Tuesday night in an email he said, "I never dreamed it would spread so fast. It only took me one minute to write it. When I started seeing the news reports about how fast it was spreading all I could think was Oh GOD!! So many infections? How could this happen?"
Today he turned himself in to the Dutch police. He said, ""I regret writing that virus!!! That's why I turned myself in. I'm sure I will never write/spread a virus again."
You'd think that a company that wrote the software that allows a simple worm program like this to create widespread havoc (like Microsoft, for example) might be at least partially at fault.
eTown Local Zero
Etown made the news in December when they customer service staff tried to unionize. This was significant because U.S. labor union membership is down to a new low, and it would be good for labor if they made inroads into the high-tech sector.
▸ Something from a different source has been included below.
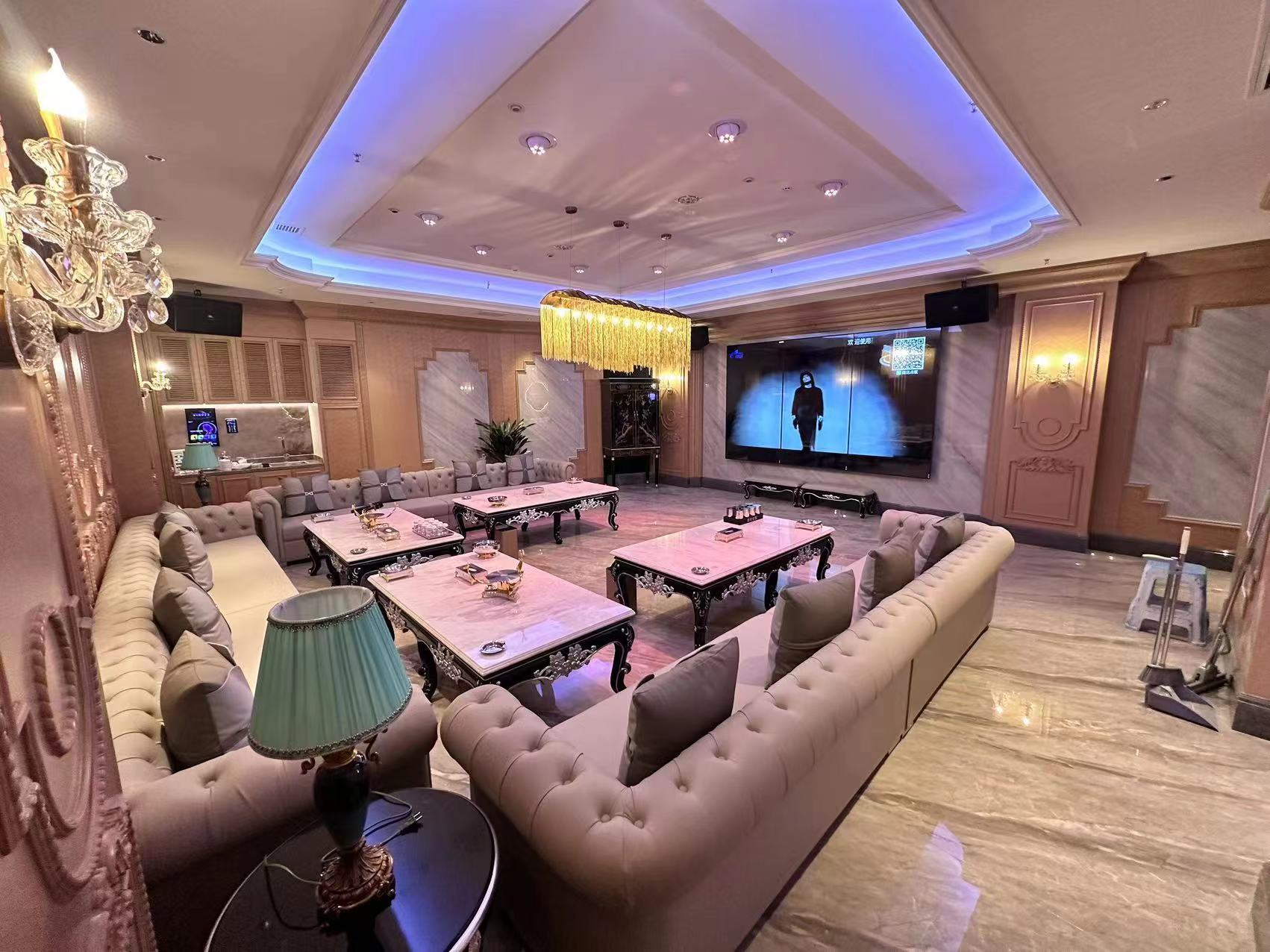 徐州市云龙区私人订制商务KTV：低消1680，把夜色锁进包厢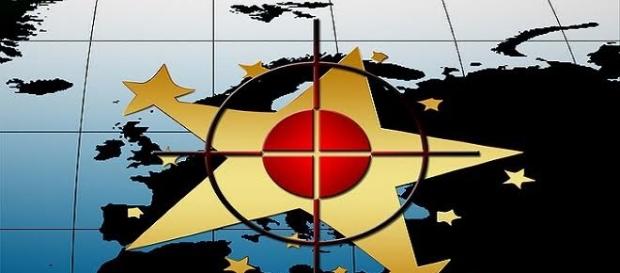 UE: asociación económica y política conformada por 28 naciones UE: asociación económica y política conformada por 28 naciones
Etown laid off a couple of dozen people in December, about 22% of their employees. The Northern California Media Workers Guild said Etown "illegally tampered with the employees' unionization attempts by retaliating with the job cuts."
I think Etown has done some more "tampering." As of yesterday there are no more employees at Etown. They closed down.
Pictures of Today
There's really only one picture of today. It's gray, from this afternoon.
For weather contrast, here are a couple of pictures from White Sands (either national monument or missile range, I'm not sure which) a few years ago.
(c) 20001, no rights reserved by the Recording Industry Association of America. You may freely distribute this fine piece of aspiring literature through Napster, Freenet, or Gnutella without fear of retribution by the Brussels Police or the Mayes County Sheriff. Any other unauthorized distribution or duplication of Junkmail will be vigorously ignored to the fullest extent of the law.